Wal-Mart is down to a 13 PE ratio now, way cheaper than the market as a whole, and attractively priced compared to peers such as Target (TGT) who was unprofitable last year and Costco which hits at a 27 PE.
As we noted in This Investment Is Off Target, Wal-Mart’s largest direct competitor is having a truly horrible run of luck. First the massive credit card breach hit the company’s brand hard. And Target’s infamous Canadian expansion ended horribly.
Compared to Target who couldn’t even figure out Canada, Wal-Mart, operating in more than two dozen overseas countries has shown it knows how to run a business. Sure, it hits snags such as the Walmex fiasco occasionally, but on the whole of it, Wal-Mart has been the only major US retailer that’s cracked the code for selling outside the country.
For Wal-Mart to be a good investment from these levels, it simply needs to maintain profitability at current levels and keep buying back shares. The company’s shares currently yield more than 3%, a nice dividend indeed.
And the company is buying back stock, shrinking the float and serving as a catalyzer of rising earnings despite the flat revenue growth.
China fears as they tie to China seem overblown. Yes, the devaluation means Wal-Mart has to pay slightly more for inventory they import from China.
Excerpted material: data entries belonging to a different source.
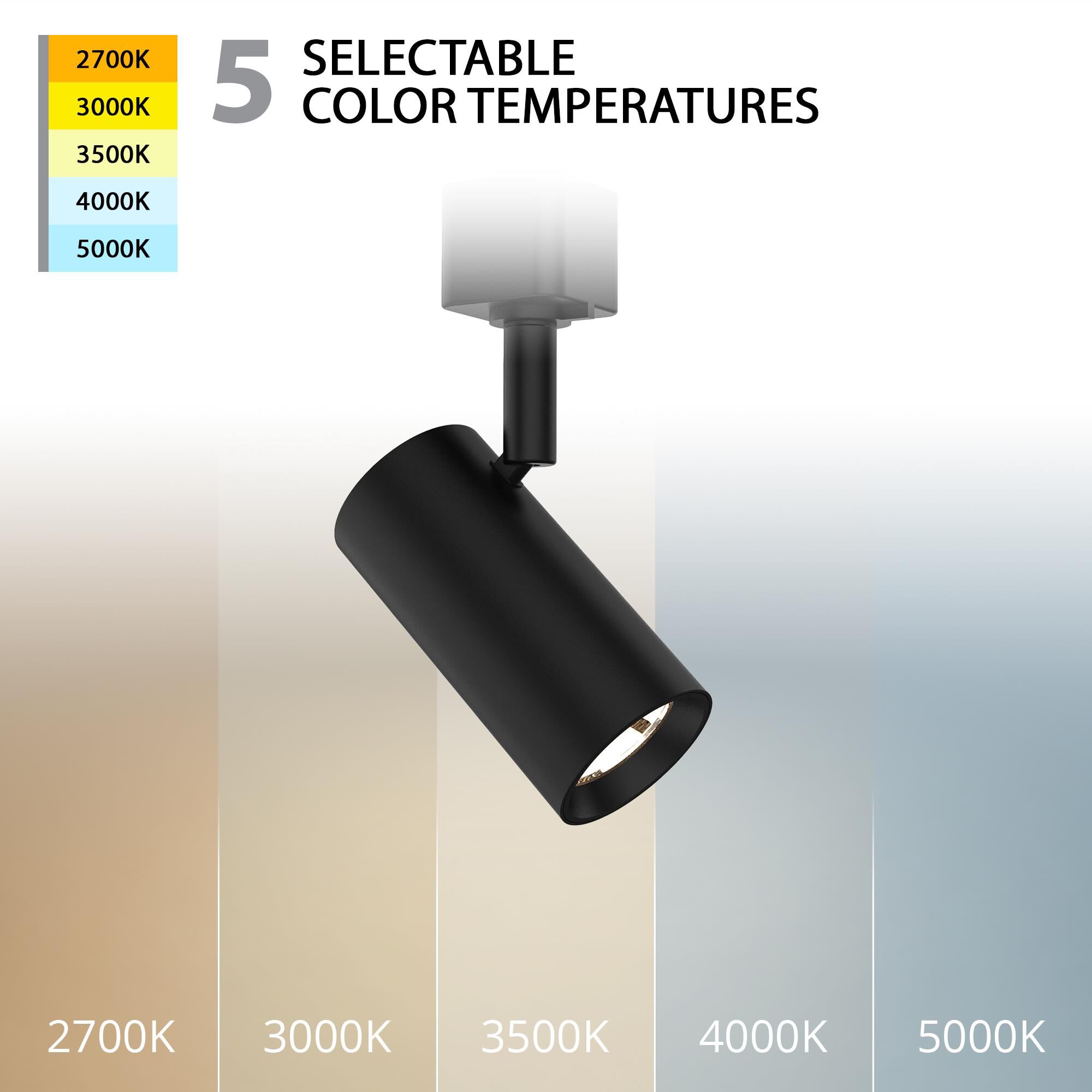 Cyn 6 Inch Directional Head by WAC Lighting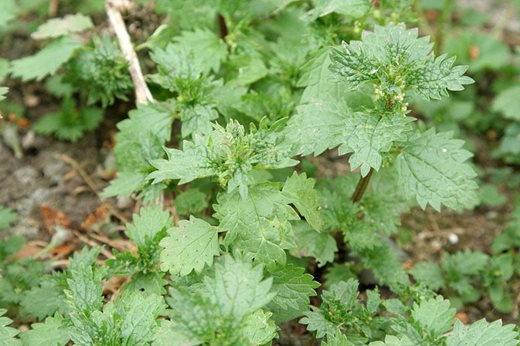 Annual nettle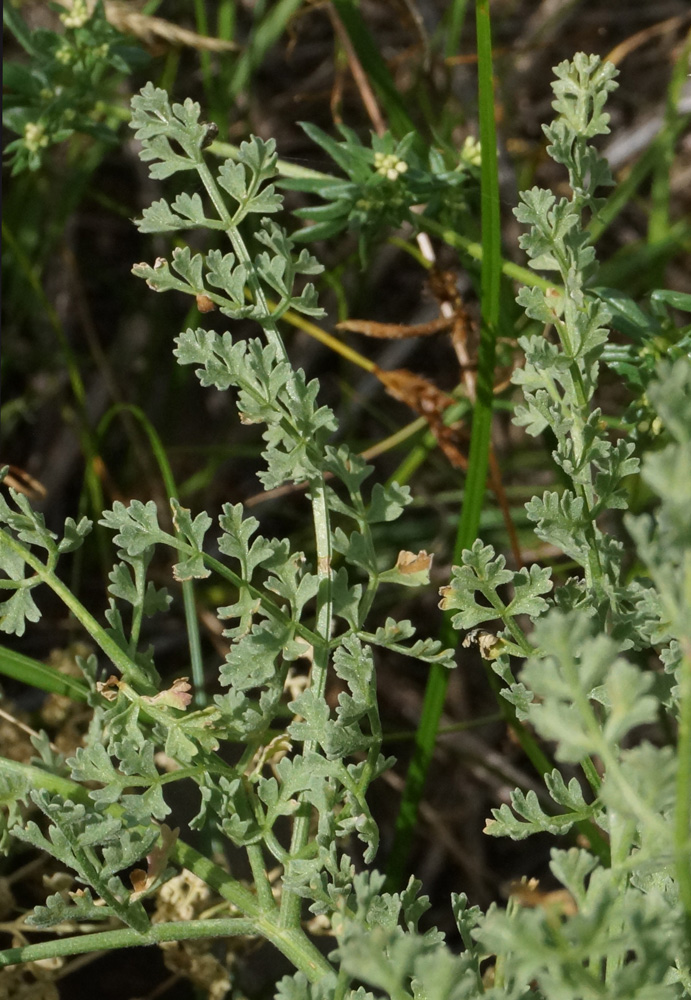 Изображение особи Ferula caspica.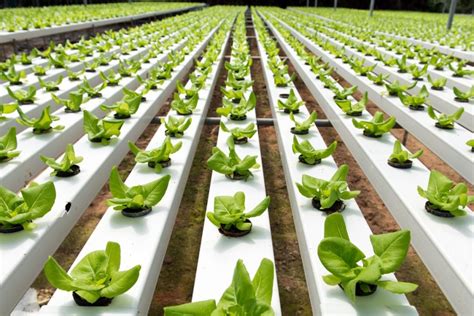 The Benefits of Hydroponics – The Ultimate List - Gardening Heavn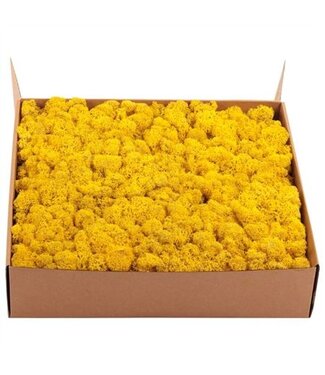 AD Lichen des rennes préservé jaune ou mousse d'Islande | Poids 5 kilogrammes | Par pièce
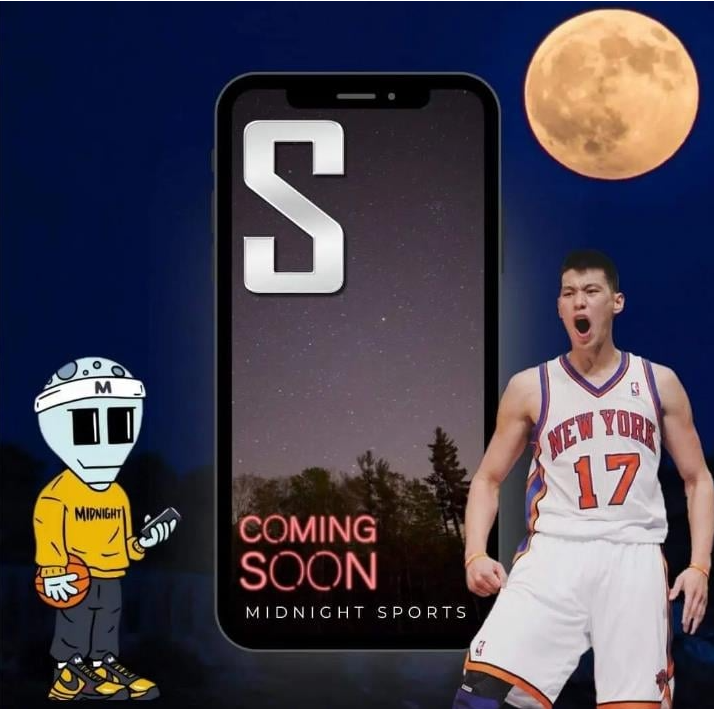 林书豪,广州龙狮队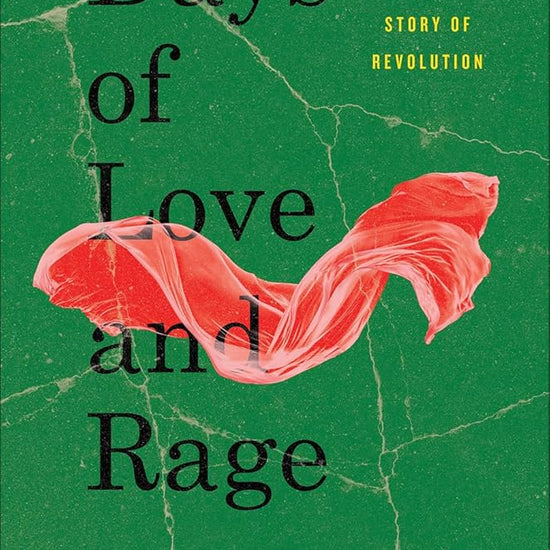 Days of Love and Rage: A Story of Revolution cover image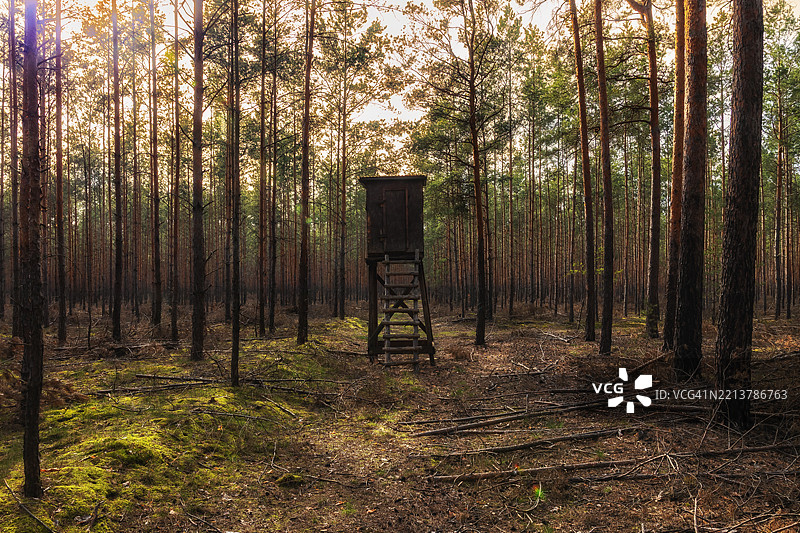 森林中的猎人高台图片素材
Then again, so does Amazon, Costco, Target, and all the other retailers.
And on the other side of the coin, Wal-Mart gets a big win with the fall in oil. Shipping and trucking costs are a major expense center. For a company with thin margins like Wal-Mart, a major drop in logistical expenses can be a big boost.
Wal-Mart won’t be a home run stock purchase at these levels. But there’s very little downside much below $60 on the shares. For defensive investors, this is a great time to take a position.